Wayne Kerr

Personal information
- Born: 18 March 1984 (age 42) Dublin, Ireland
- Height: 5 ft 11 in (1.80 m)
- Weight: 16 st 8 lb (105 kg)

Playing information

Rugby league
- Position: Prop
Club
| Years | Team | Pld | T | G | FG | P |
| 2008 | London Skolars | 5 | 10 | 0 | 0 | 40 |
| 2009–10 | Oldham R.L.F.C. | 51 | 10 | 0 | 0 | 40 |
|  | Carlow Crusaders |  |  |  |  |  |
|  | Longhorns RL |  |  |  |  |  |
| 2021 | Athboy Fighting Irish |  |  |  |  |  |
|  | Total | 56 | 20 | 0 | 0 | 80 |
Representative
| Years | Team | Pld | T | G | FG | P |
| 2006–16 | Ireland | 17 | 0 | 0 | 0 | 0 |

Rugby union
- Position: Blindside Flanker
Club
| Years | Team | Pld | T | G | FG | P |
|  | Cill Dara RFC |  |  |  |  |  |
- As of 3 February 2021

= Wayne Kerr =

Former Ireland international rugby league footballer

Wayne Kerr (born 14 March 1985) is an Irish professional rugby league footballer who played for Oldham in the Championship One. He is an Ireland international. He has previously played for London Skolars and Carlow Crusaders.

==Background==
Kerr was born in Dublin, Ireland. Nicknamed "Slasher" on account of his aggressive and athletic playing style.

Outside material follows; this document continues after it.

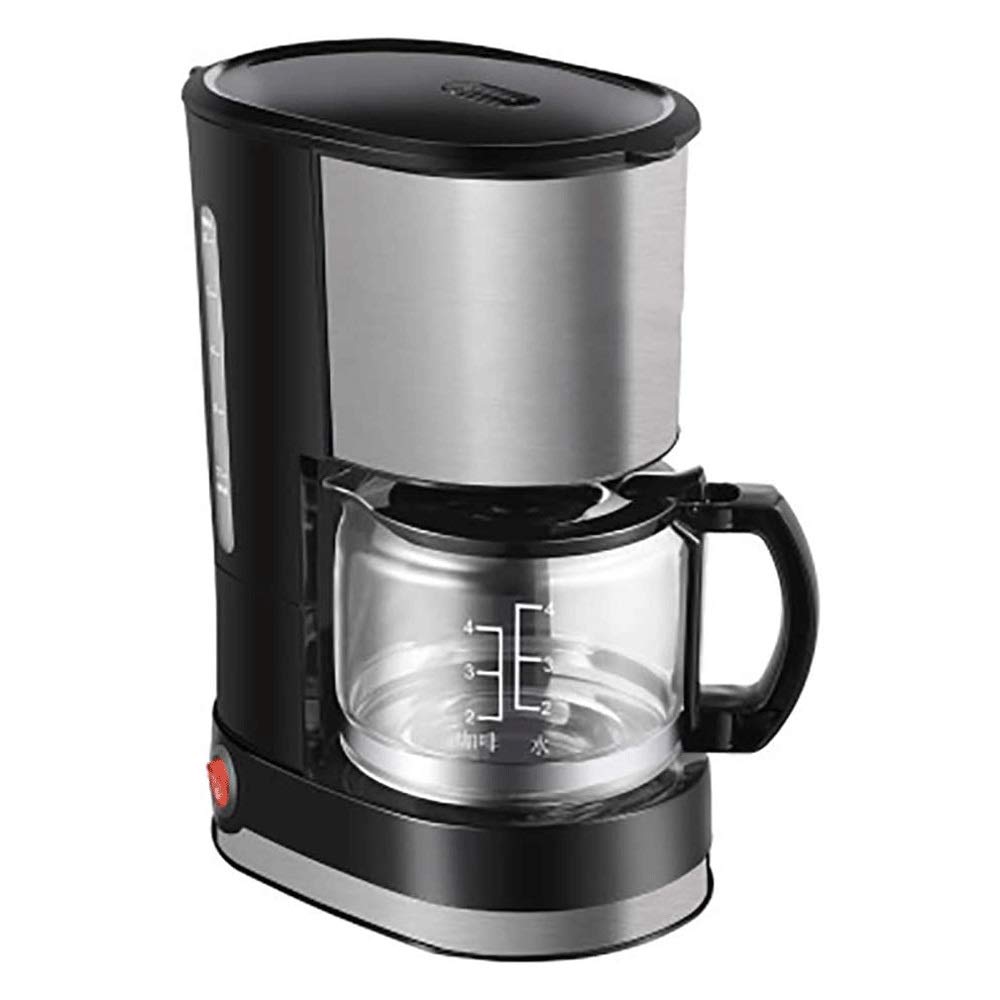 4-Cup Drip Coffee Maker with Reusable Filter - Stainless Steel Thermal Coffee Pot for Home & Office - Perfect for Morning Brews, Camping & Gifts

He grew up in County Kildare.

==Playing career==
He was a member of the Ireland squad for the 2008 Rugby League World Cup, and went on to make one appearance in the tournament.

He now plays Rugby Union with Cill Dara RFC. He plays blindside flanker (number 6).

In 2016, he was called up to the Ireland squad for the 2017 Rugby League World Cup European Pool B qualifiers.